··· STORED DATA ···
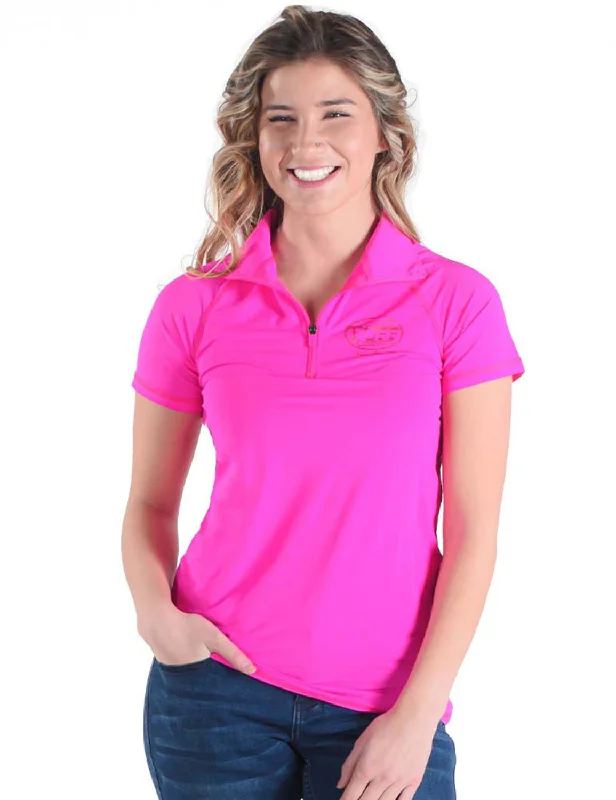 Fashion Pioneer Cowgirl Tuff Womens Cooling UPF 1/4 Zip Hot Pink Nylon S/S T-Shirt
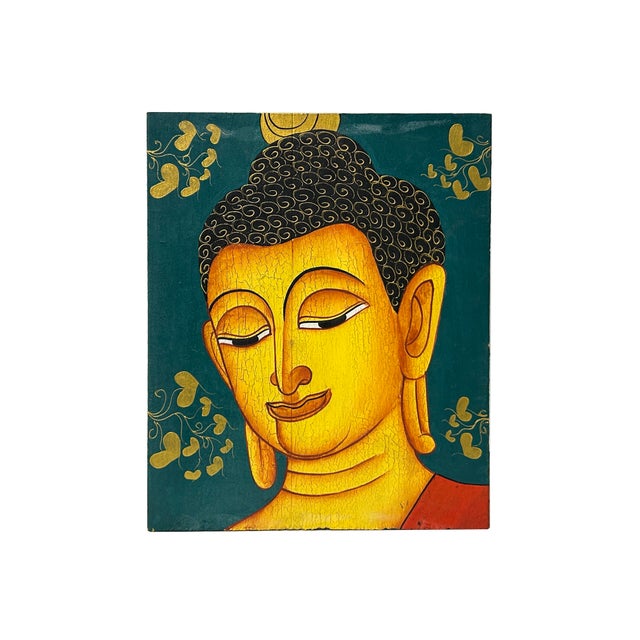 Asian Vintage HandPainted Artistic Buddha Head Wood Plaque Art For Sale - Image 3 of 6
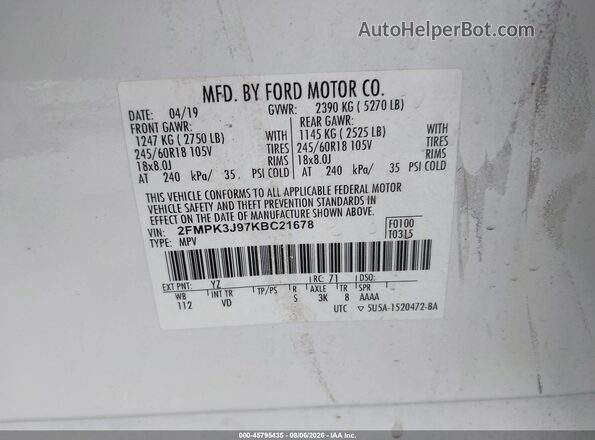 2FMPK3J97KBC21678 2019 FORD EDGE White Շարժիչի բաժամունքի տեսք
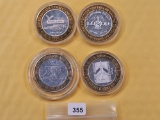 Four Mixed Ten Dollar .999 Fine Silver center Casino Gaming Tokens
···
- WHAT TO DO -
Starting at the line that contains "Asian Vintage HandPainted" and ending with the last line of the data, transcribe every line exactly; skip the pictures.

- ANSWER BELOW -
 Asian Vintage HandPainted Artistic Buddha Head Wood Plaque Art For Sale - Image 3 of 6
 2FMPK3J97KBC21678 2019 FORD EDGE White Շարժիչի բաժամունքի տեսք
 Four Mixed Ten Dollar .999 Fine Silver center Casino Gaming Tokens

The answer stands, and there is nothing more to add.